How I Made OBaI’s Agents Leaner with OpenAI Agents SDK

When I first started building OBaI, I used the OpenAI Responses API directly. That was the right place to begin: one endpoint, custom function tools, MCP servers, and enough flexibility to wire the system exactly how I wanted.

It was also where I learned the first painful lesson of building agents: flexibility turns into weight fast. I was writing my own guardrails, passing every MCP server and tool definition through one route, and paying for context that had nothing to do with the user’s actual question. The system worked, but it was getting expensive and noisy.

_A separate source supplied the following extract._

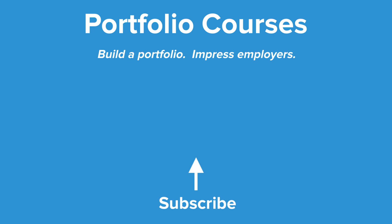Check out PortfolioCourses.com where we'll help you build a portfolio that will impress employers including courses to help you develop C programming projects.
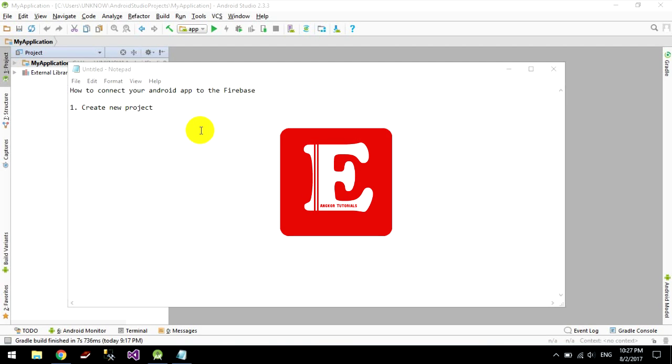Hello everyone. Today I want to show you how to connect your Android app to Firebase.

The OpenAI Agents SDK fixed a lot of that for me. It gave OBaI a cleaner backbone for agents, tools, guardrails, tracing, state, and orchestration. The tool semantics stayed familiar, but the wiring moved into agent definitions and workflow design instead of one overloaded Responses API request.

Architecturally, OBaI follows an orchestrator-worker workflow: the Hub is the orchestrator, the specialist agents are the workers, and the Hub is responsible for routing, delegation, and final synthesis.

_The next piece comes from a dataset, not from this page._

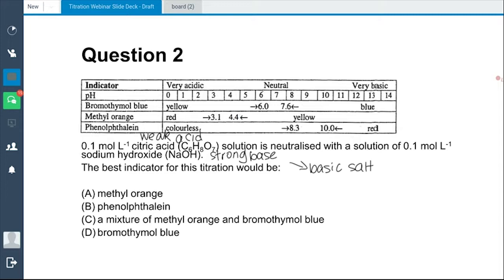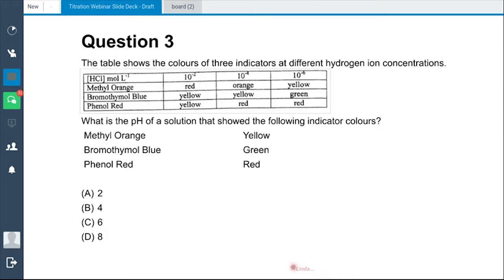The answer is phenolphthalein, which provides a colour change within the basic range of 8.3 to 10. Well done, ladies and gentlemen.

That architecture carried OBaI for a while. Then I hit the second wall.

As I added more specialists, the hub started getting heavy again. Not because the SDK was wrong, but because my own orchestrator prompt had become the new bottleneck: too many routing rules, too many handoff formats, too many edge cases loaded on every turn.

This post is about that second migration: moving the hub to SandboxAgent, using lazy-loaded skills, and making the agent system lean enough to keep growing.

OBaI architecture

The Second Wall: One Prompt Was Doing Too Much

The hub had become a central orchestrator with a large, always-loaded prompt. Every user query paid for every rule, even when most of those rules were irrelevant.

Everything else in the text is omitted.